AVAILABLE DATA:
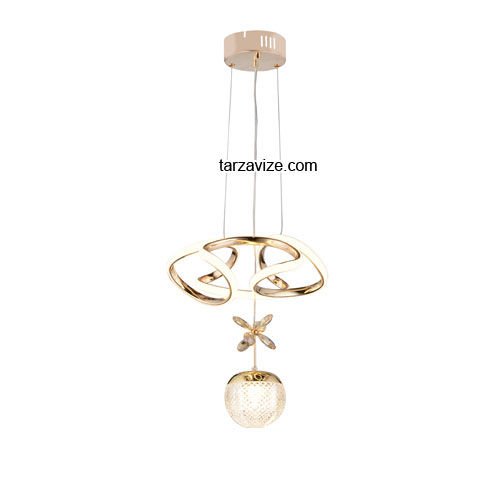 Tarz Gold Tekli Sarkıt Led Avize 3 Renk Işıklı TRZ-121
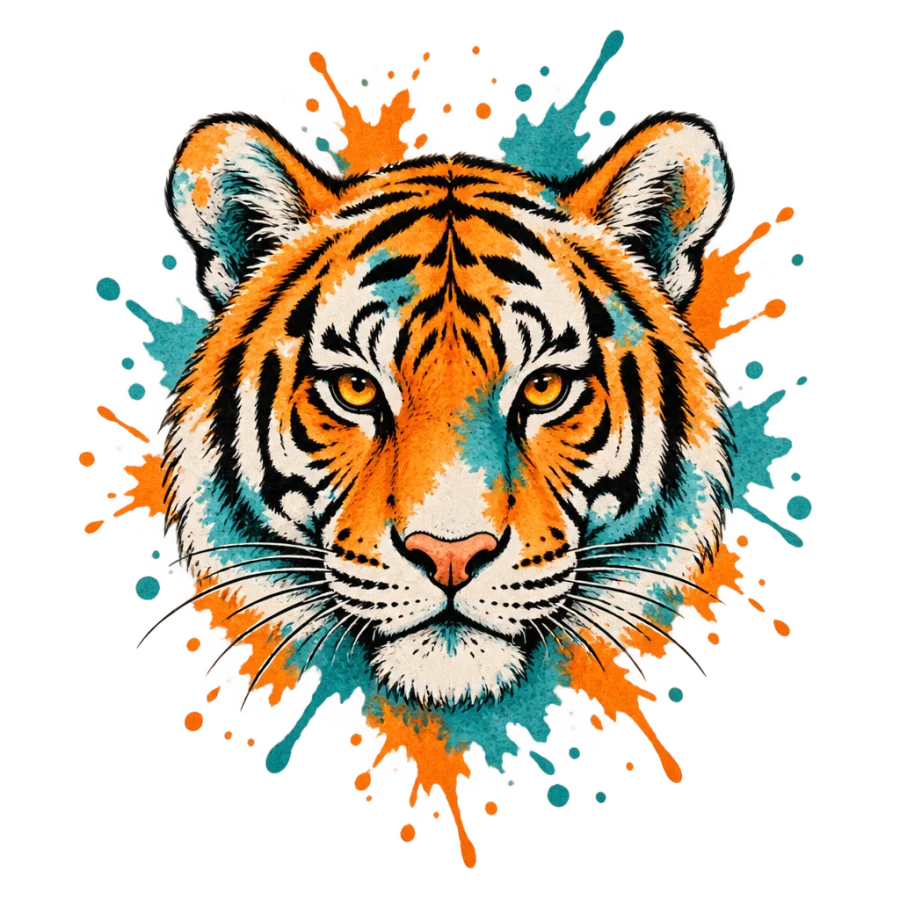 Watercolor tiger head tattoo design with loose orange and teal splashes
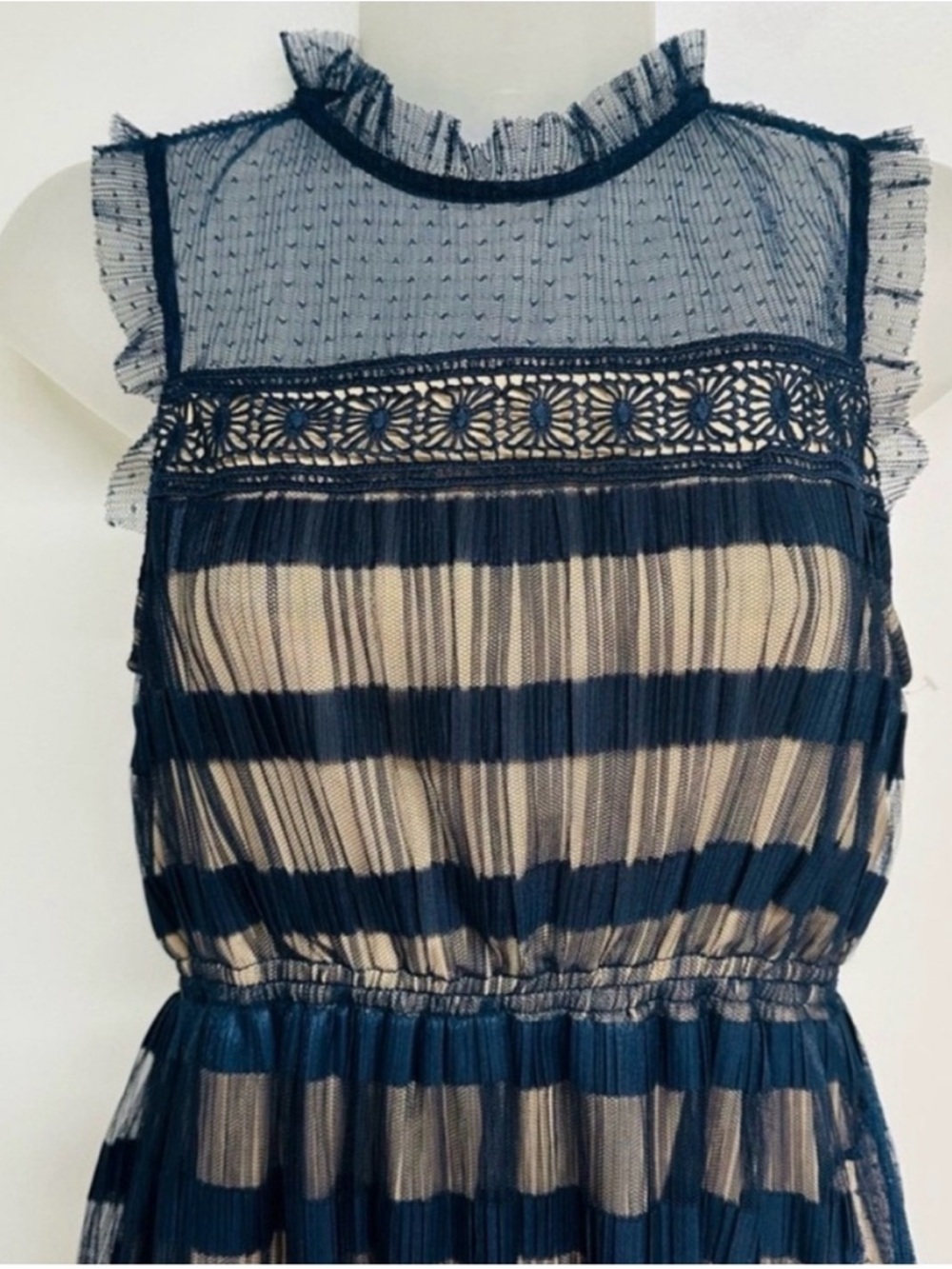 Foxiedox by Anthropologie size XS navy blue with nude liner, lace detailing, NEW - Picture 6 of 7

REQUIRED WORK: Retype the full listing exactly; pictures stay out.

WRITTEN SOLUTION:
 Tarz Gold Tekli Sarkıt Led Avize 3 Renk Işıklı TRZ-121
 Watercolor tiger head tattoo design with loose orange and teal splashes
 Foxiedox by Anthropologie size XS navy blue with nude liner, lace detailing, NEW - Picture 6 of 7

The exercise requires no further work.